**Work instruction:**
Begin at the line below that holds "Coach bag (Category: Cross-body" and end at the line that holds "Joven usando portátil", transcribing each line exactly and skipping any picture.

== Extracted information ==

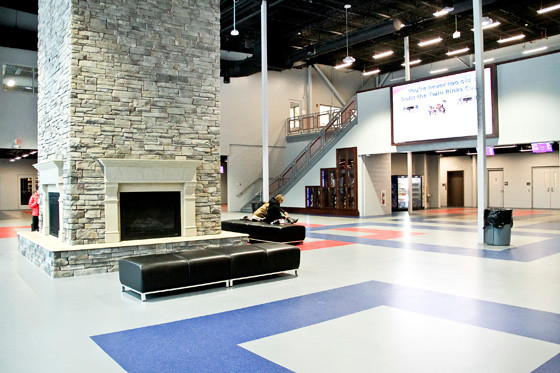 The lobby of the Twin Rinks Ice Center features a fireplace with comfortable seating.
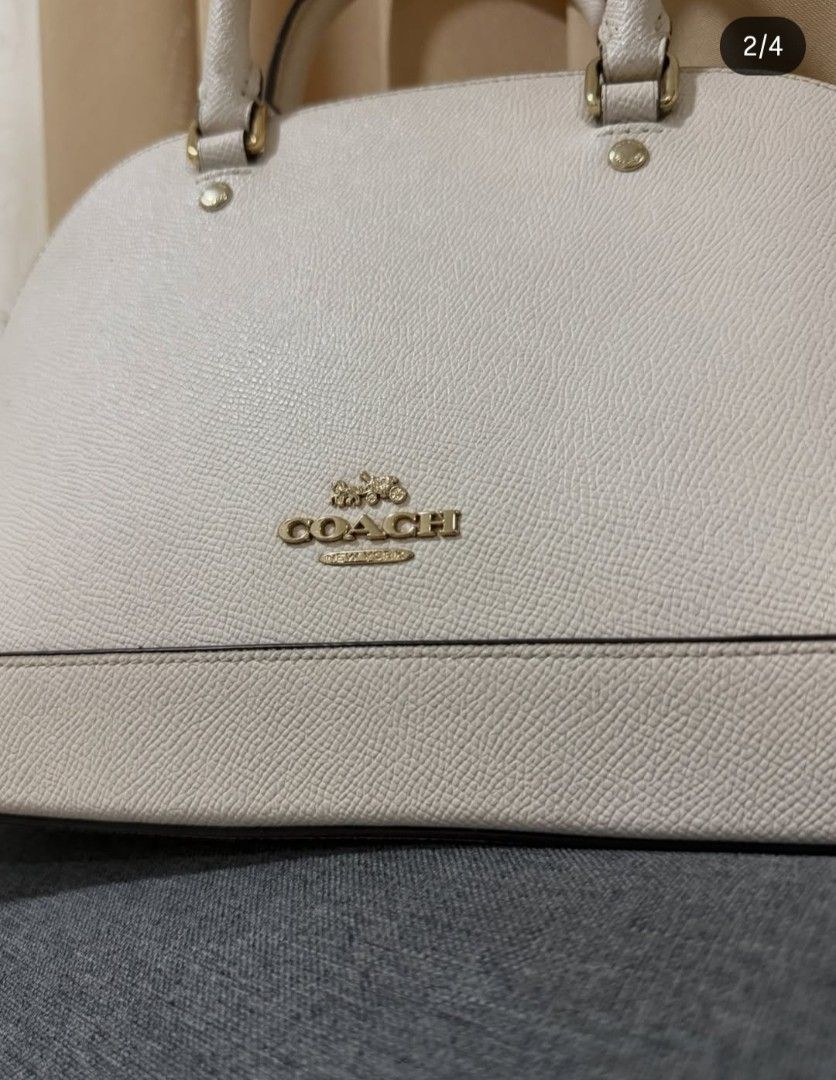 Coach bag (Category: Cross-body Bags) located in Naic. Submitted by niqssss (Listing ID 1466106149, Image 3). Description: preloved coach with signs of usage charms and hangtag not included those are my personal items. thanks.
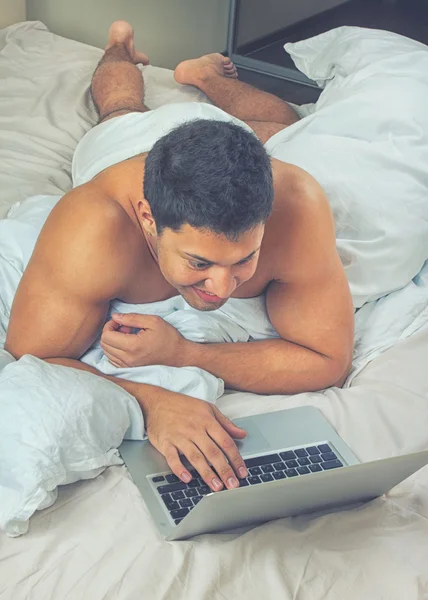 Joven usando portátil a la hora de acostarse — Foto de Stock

===
== Extracted information ==

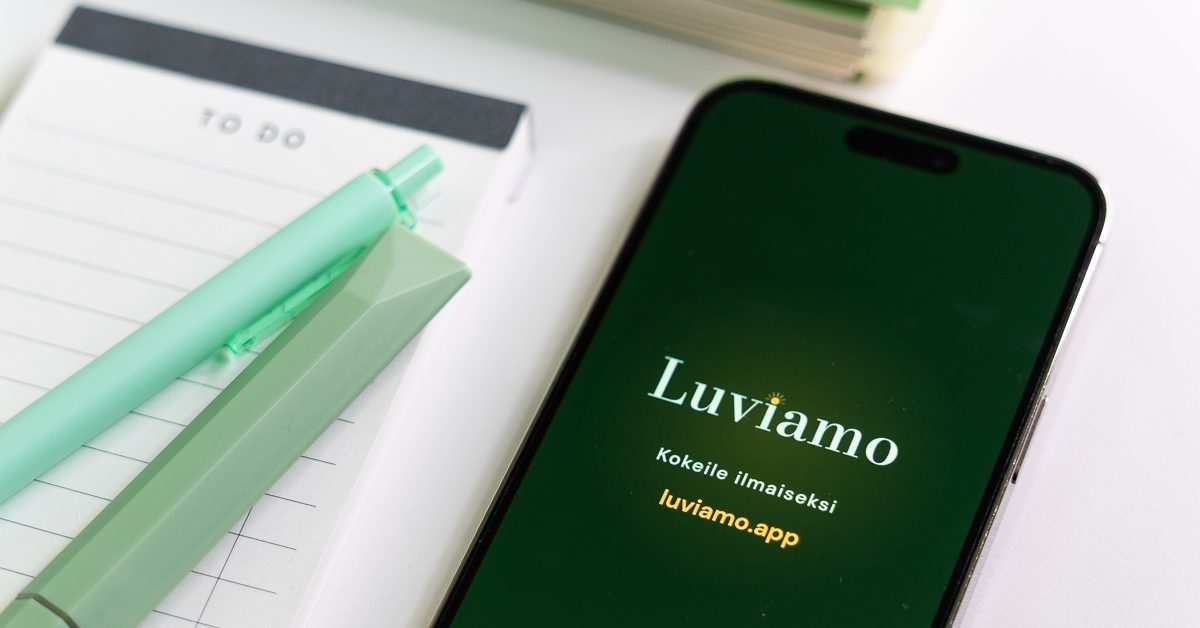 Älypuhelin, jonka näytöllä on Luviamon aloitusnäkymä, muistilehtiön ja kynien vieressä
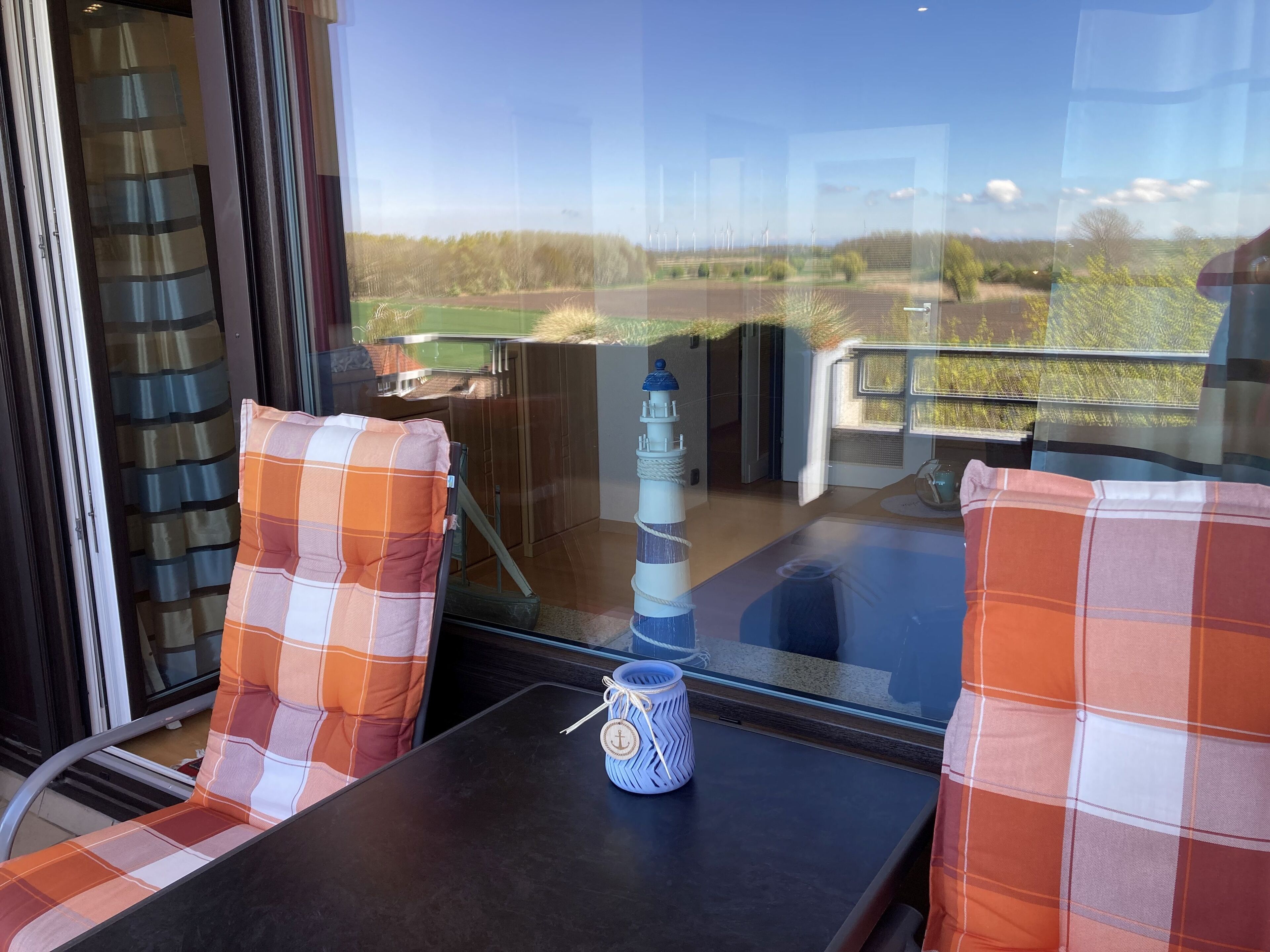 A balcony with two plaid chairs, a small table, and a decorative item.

===

**Task output:**
 Coach bag (Category: Cross-body Bags) located in Naic. Submitted by niqssss (Listing ID 1466106149, Image 3). Description: preloved coach with signs of usage charms and hangtag not included those are my personal items. thanks.
 Joven usando portátil a la hora de acostarse — Foto de Stock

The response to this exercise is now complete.